<<<<

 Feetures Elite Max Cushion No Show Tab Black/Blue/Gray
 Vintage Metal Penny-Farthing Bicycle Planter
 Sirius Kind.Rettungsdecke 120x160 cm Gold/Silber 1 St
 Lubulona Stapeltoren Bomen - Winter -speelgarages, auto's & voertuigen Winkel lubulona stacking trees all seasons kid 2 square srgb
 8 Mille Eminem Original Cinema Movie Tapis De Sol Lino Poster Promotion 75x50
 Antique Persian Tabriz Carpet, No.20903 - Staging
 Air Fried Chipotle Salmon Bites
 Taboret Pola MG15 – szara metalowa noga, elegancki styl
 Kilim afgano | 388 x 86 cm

>>>>
<<<<

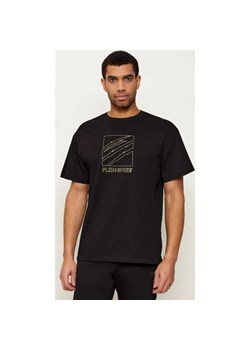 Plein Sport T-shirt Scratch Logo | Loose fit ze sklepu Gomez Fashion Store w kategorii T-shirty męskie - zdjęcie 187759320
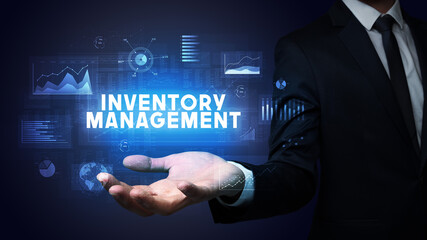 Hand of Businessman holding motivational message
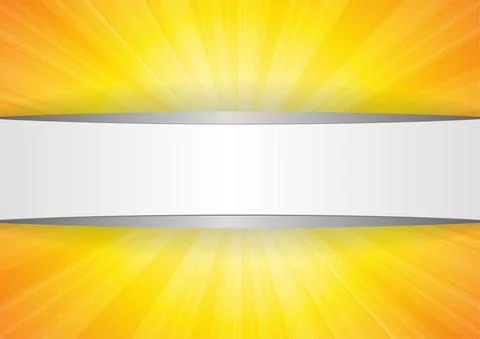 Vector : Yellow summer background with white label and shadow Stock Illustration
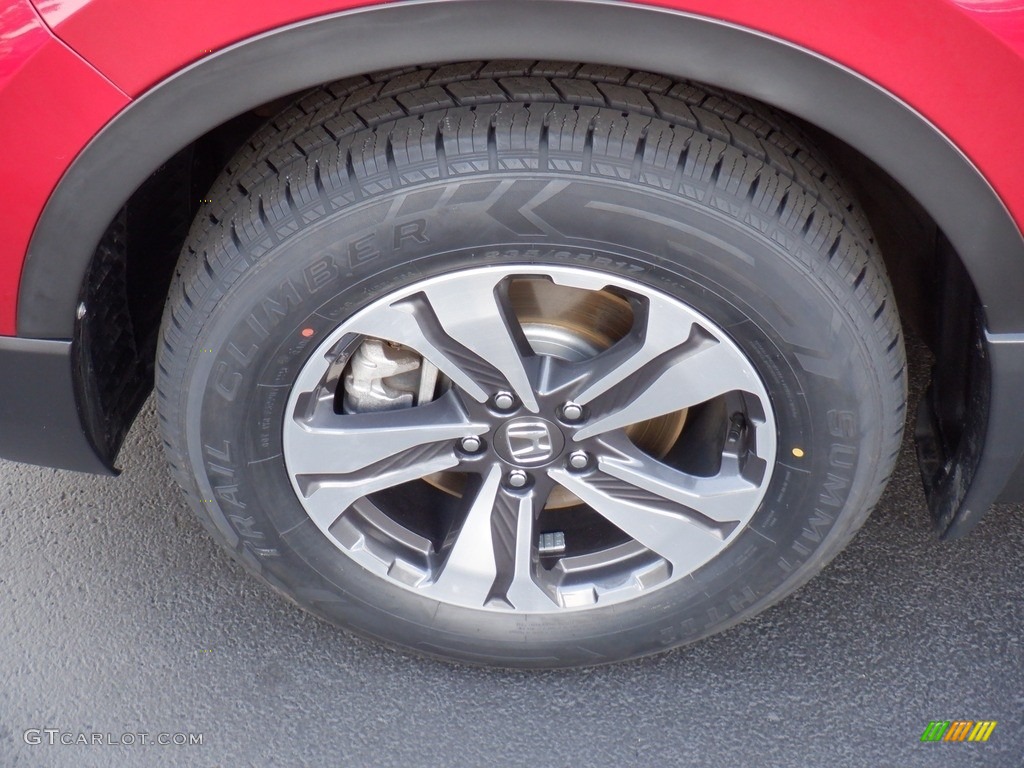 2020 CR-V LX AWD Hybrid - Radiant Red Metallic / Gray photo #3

>>>>
<<<<

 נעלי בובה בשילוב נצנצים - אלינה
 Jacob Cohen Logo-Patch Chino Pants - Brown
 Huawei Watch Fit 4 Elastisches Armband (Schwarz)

>>>>

→ **Task directions**: Of the lines above, retype only those from the line containing "Feetures Elite Max" through the line containing "Lubulona Stapeltoren Bomen", including both, exactly.

→ **Reply**:
 Feetures Elite Max Cushion No Show Tab Black/Blue/Gray
 Vintage Metal Penny-Farthing Bicycle Planter
 Sirius Kind.Rettungsdecke 120x160 cm Gold/Silber 1 St
 Lubulona Stapeltoren Bomen - Winter -speelgarages, auto's & voertuigen Winkel lubulona stacking trees all seasons kid 2 square srgb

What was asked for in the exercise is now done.